▶ _Problem statement_: Your output should be the lines below from the one with "Alte Fotografie: TARJETAS" through the one with "츠치야 가방 톤 오일 누메 2단 접이식 지갑", copied exactly, pictures excluded.

▶ _Material for the task_:
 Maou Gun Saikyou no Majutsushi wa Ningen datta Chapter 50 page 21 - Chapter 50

--

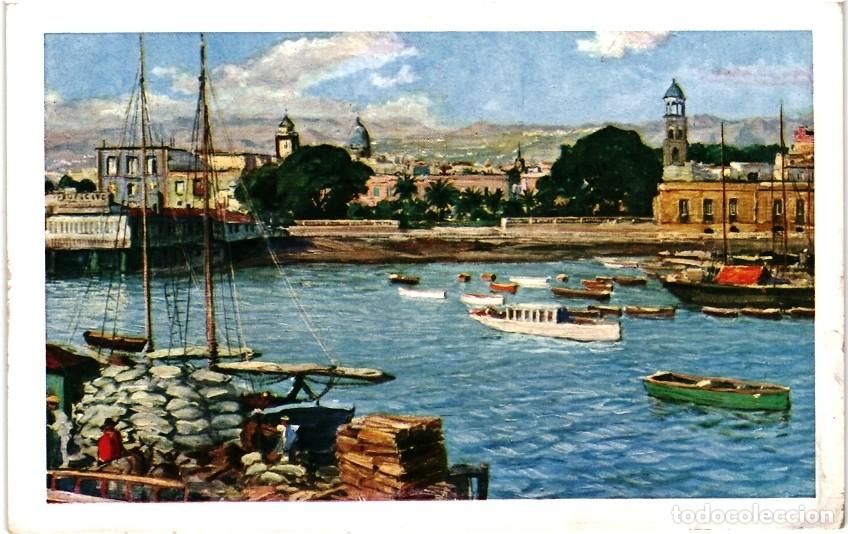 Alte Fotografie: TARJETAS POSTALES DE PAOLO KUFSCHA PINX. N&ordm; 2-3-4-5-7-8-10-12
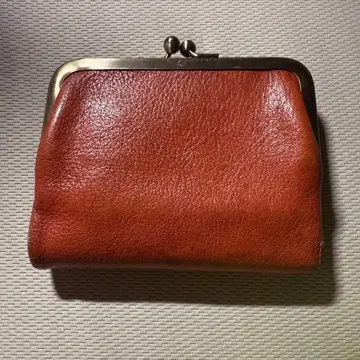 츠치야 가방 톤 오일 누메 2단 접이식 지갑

▶ _Output_:
 Alte Fotografie: TARJETAS POSTALES DE PAOLO KUFSCHA PINX. N&ordm; 2-3-4-5-7-8-10-12
 츠치야 가방 톤 오일 누메 2단 접이식 지갑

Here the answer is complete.